Da mucho juego el marco intrigante de un nazismo fantasmagórico, cuyos tentáculos riegan de vísceras las frías callejuelas, los sombríos esquinazos de la vida. Ole Christian Madsen pulsa con solidez las teclas de la memoria pero no se arrima al documento historicista ahogado en pretensiones. Apenas se intuye en su película un ánimo por sentar cátedra, adoctrinar o escorarnos a ideologías mascadas. Prefiere el danés contornear sus criaturas y darles entidad desde ese escenario teatral, ceniciento paisaje que asusta en su tremenda precisión. Es ésta una aventura sin coartadas ni concesiones, el ancho gozo de contarnos los azares y destinos cruzados de dos amigos, su contienda común por defender grandes empresas. En ese discurso acompasado, en ningún instante víctima del frenesí tan goloso para algunos niñatos con cámara, la dualidad psicológica enriquece el mero festín narrativo y va orientando nuestra mirada, gratificándola a golpes de sabio control visual. No hay embarullamiento, ausentes están las pedradas a la inteligencia del espectador. Lo que aquí transcurre se llena de equilibrio entre el pentagrama intenso que sirve de decorado y los acordes serenos con los que estas figuras del horror y la injusticia, de los ideales robustos y la conciencia, quedan perfiladas.

Uno podría equivocar el juicio sobre el film, dejarse arrastrar por erradas sensaciones de mecánica en la forma de relatarnos la fábula atroz. Insisto en que Verhoeven se destapó los aires de trascendencia y abogó por la desnudez formularia aunque efectiva de su crónica de espionaje. Lo mismo sucede en uno de los títulos que -es un presentimiento- mayor desprecio sufrirá en taquilla. Enterradas las toscas moralinas, obviado el prisma maniqueo de estos seres ya asentados en el pedestal de las leyendas, queda un coherente repaso por las encrucijadas vitales de dos personajes no ajenos al miedo y la esperanza, a un sueño de libertad y a los diversos matices de la lucha. Obra poliédrica que rechaza de pleno el torpedeo emocional, prefiriendo el dosificador, el goteo incesante y cautivador de las pequeñas hazañas hasta configurar el cuadro final, tan grotesco como en realidad se reveló.

Si en un principio se acerca al precipicio del estereotipo y la marioneta sin alma, a los márgenes difusos de una hagiografía descafeinada imbuida de una falsa (y cómoda) épica, salva los muebles el director haciendo acopio de un sobrio discurso formal, un respetable empaque artístico como respetuoso es su exorcismo de espectros e ilusiones del pasado.
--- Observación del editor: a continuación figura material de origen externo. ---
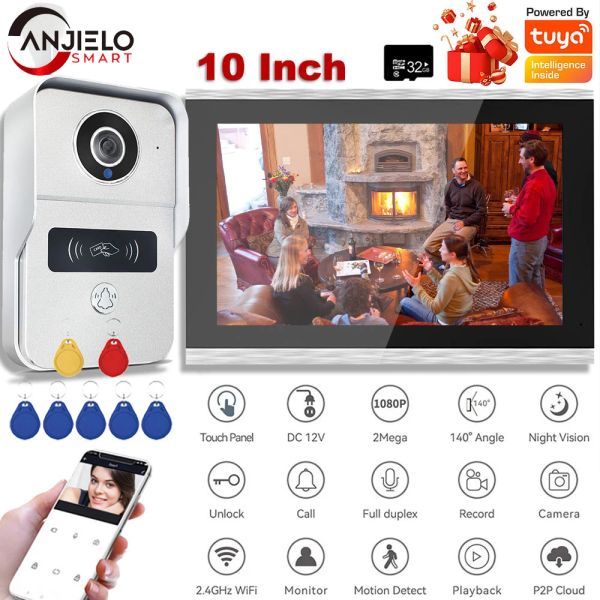 Intercom Tuya 1080p 10 -дюймовый 7 Color Sens Scence Ecrece Wireless Wi -Fi Видео дверь Doorled Smart App Kit Kit для системы управления доступа RFID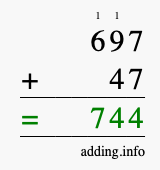 Calculate 697 + 47 using long addition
A algunos parecerá gélida, incapaz de dar calor al torbellino pespuntado sin apenas tregua, sin que la morosidad empañe el ritmo. Pero tal vez sea más vitamínico este cine discreto, equidistante entre lo tenebroso y lo heroico, digno por habitar las antípodas del mercadeo de baratijas. Son de agradecer radiografías de antiguas vilezas y convicciones cuando no desprenden los molestos tufos de la manipulación, ya sea a nivel humano o en los resortes aparatosos, estridentes, casi siempre huecos con los que ganarse la venia del público.